Enrique Domínguez. Economista.
Hace ya bastantes años que en diferentes medios de comunicación se nos decía que ‘Hacienda somos todos’. Se quería con ello señalar la necesidad de contribuir al erario público con los impuestos que unos gobiernos en los que la transparencia no era su fuerte, nos adjudicaban.

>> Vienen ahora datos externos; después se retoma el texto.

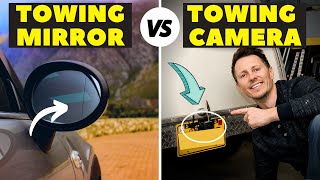 We Tested Backup Camera vs. Mirrors Pulling Our Small Camper Trailer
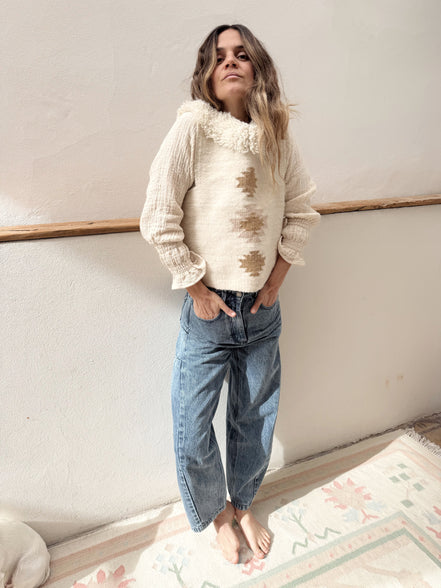 Iruya Raw Top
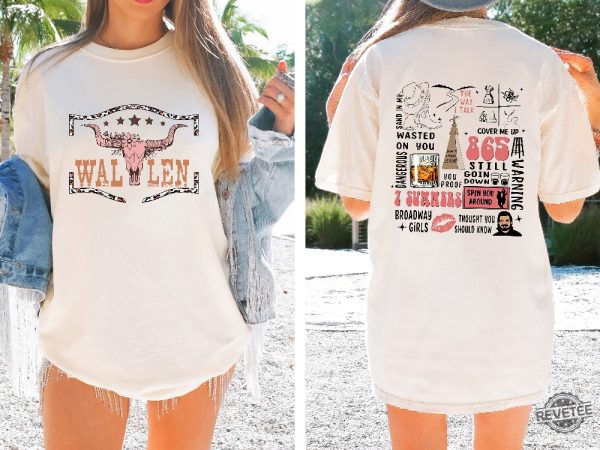 Cowgirl Country Vintage Western T Shirt Retro Cowboy Shirt Unique Gift For Men Women revetee.com 5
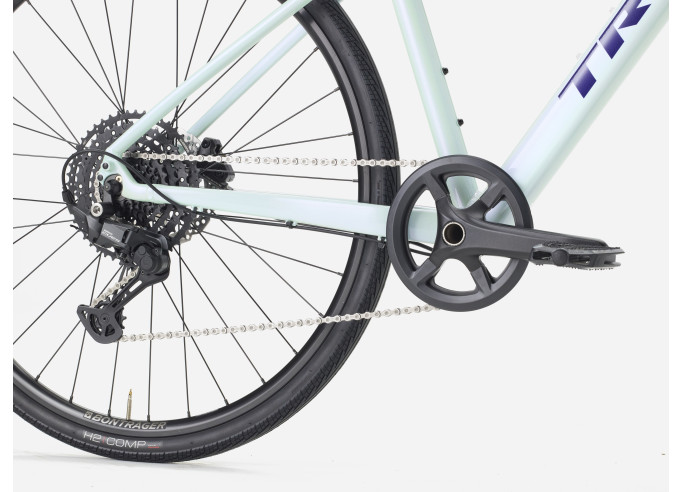 Fitness bike TREK FX 3 stepover | Magic Mint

En esta España en la que vivimos, defraudar ha sido signo de prestigio social, de conversación con los amigos, de fardar de contar con tal o cuál asesor que conoce muy bien los intríngulis de las leyes y, por tanto, la o las maneras de ‘distraer’ ciertas cantidades al fisco. Y éramos los paganos de un dinero que, luego, se difuminaba en los presupuestos y del que nunca sabíamos cuál era su destino. Aunque sí sabíamos lo bien que tal o cuál gerifalte vivía, de sus posesiones.
Soy de los que creo que debo contribuir con mis impuestos a los ingresos del país en que vivo y soy de los que afirmo que niveles de fraude como los que tenemos, en torno al 20% o al 25% según estudios, son indignos. También he de reconocer que no estoy libre de culpa en cuanto a solicitar alguna que otra factura libre de impuestos.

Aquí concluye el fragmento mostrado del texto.